Previous court cases never resolved the fundamental issue of whether proceeding with Site C violates federal and provincial Treaty obligations. These previous court challenges took the form of judicial reviews, a kind of legal hearing that is meant to provide a faster and less expensive way to resolve disputes over government decisions. The federal and provincial governments successfully argued in court that the issue of Treaty rights violations could not be addressed in this way, but would require a full lawsuit. That is what West Moberly and Prophet River have now launched.
What did the environmental impact assessment say?
The joint federal/provincial environmental impact assessment of the Site C dam found numerous “severe,” “permanent’ and “irreversible” impacts from the flooding of the Peace River Valley including loss of vital plant and animal habitat, mercury contamination of fish, and destruction of graves and cultural sites from thousands of years of occupation and use of the River Valley.
The federal and provincial governments specifically instructed the assessment panel not to make any conclusions about whether building Site C would violate Treaty 8.
What did the BC Utilities Commission say?
In 2017, the newly elected government of Premier John Horgan mandated the BC Utilities Commission to examine the economic case for Site C. The review looked at the best estimate for the eventual cost of Site C, the province’s projected future energy needs, and the potential to meet these needs through other means.

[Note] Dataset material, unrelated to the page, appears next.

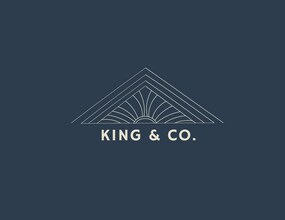 Building Photo - 363 King St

The Commission concluded that even with the money already spent on building the dam (the “sunk costs’), in most scenarios stopping Site C and pursuing other, less destructive projects would either make little difference to the eventual price to meet the province’s energy needs, or would actually save the province money.

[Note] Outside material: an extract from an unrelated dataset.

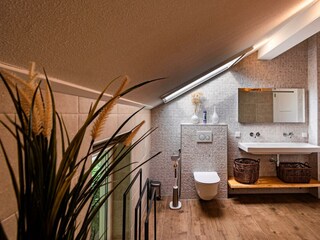 Villa Bergentheim Outdoor Recording 10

The BCUC was not asked to consider the impacts of Site C on First Nations’ rights. However, the BCUC findings could be significant in this case if the province attempts to argue that violation of Treaty rights is justified by the economic benefits of Site C.
What about BC Hydro’s claim to have consulted with First Nations?

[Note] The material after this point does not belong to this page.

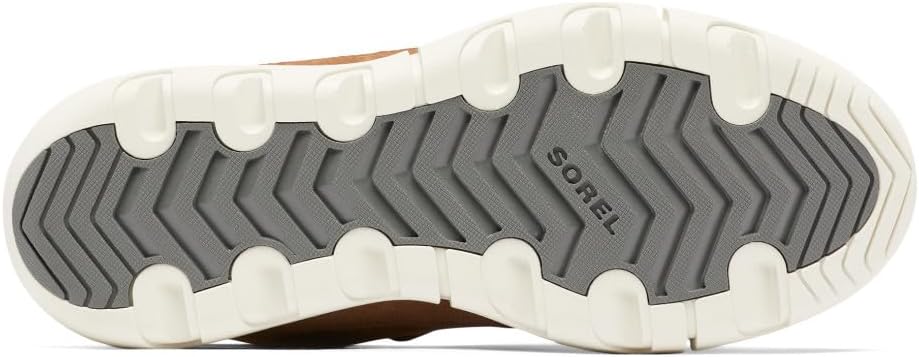 Sorel Women's Explorer Next Joan Waterproof Fashion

Consultation is meant to be a tool to identify and address the concerns of Indigenous peoples so that their rights can be protected. Regardless of how much consultation takes place, there are some projects that shouldn’t proceed because the harm to the rights of Indigenous peoples is unacceptable. West Moberly and Prophet River are arguing that this is the case for Site C.
Don’t some First Nations support the Site C dam?
Making the best of a bad situation isn’t the same as supporting Site C. Throughout the environmental impact assessment process, First Nations in northeast BC were clear in their opposition to Site C. After the federal and provincial governments approved the project — despite the findings of the environmental assessment, and over the objection of bodies like the Treaty 8 Tribal Association, the Union of BC Indian Chiefs, the First Nations Summit and the Assembly of First Nations — some First Nations entered into agreements with BC Hydro so that they would receive benefits from the construction.
Meanwhile, West Moberly and Prophet River have continued to challenge Site C in court. Another First Nation in Treaty 8, Blueberry River First Nations, has also challenged Site C as a part of a much larger court case about how decisions are made in the northeast. The rights of these nations must still be addressed.
Isn’t Site C already past the point of no return?
To date, nothing that has been done is irreversible. The injunction application now before the courts calls for vital habitat and cultural sites to be protected while the case is heard. This is crucial. Especially given the fact that the federal and provincial governments have been aware all along of Treaty rights concerns, it would be a travesty of justice if First Nations were to win in court and still not be able to exercise their rights because the Valley had been destroyed in the meantime.
Are First Nations opposed to all resource development?
The West Moberly and Prophet River First Nations have a long history of partnering with resource development projects in the northeast. Their legal case is intended to stop Site C and only Site C.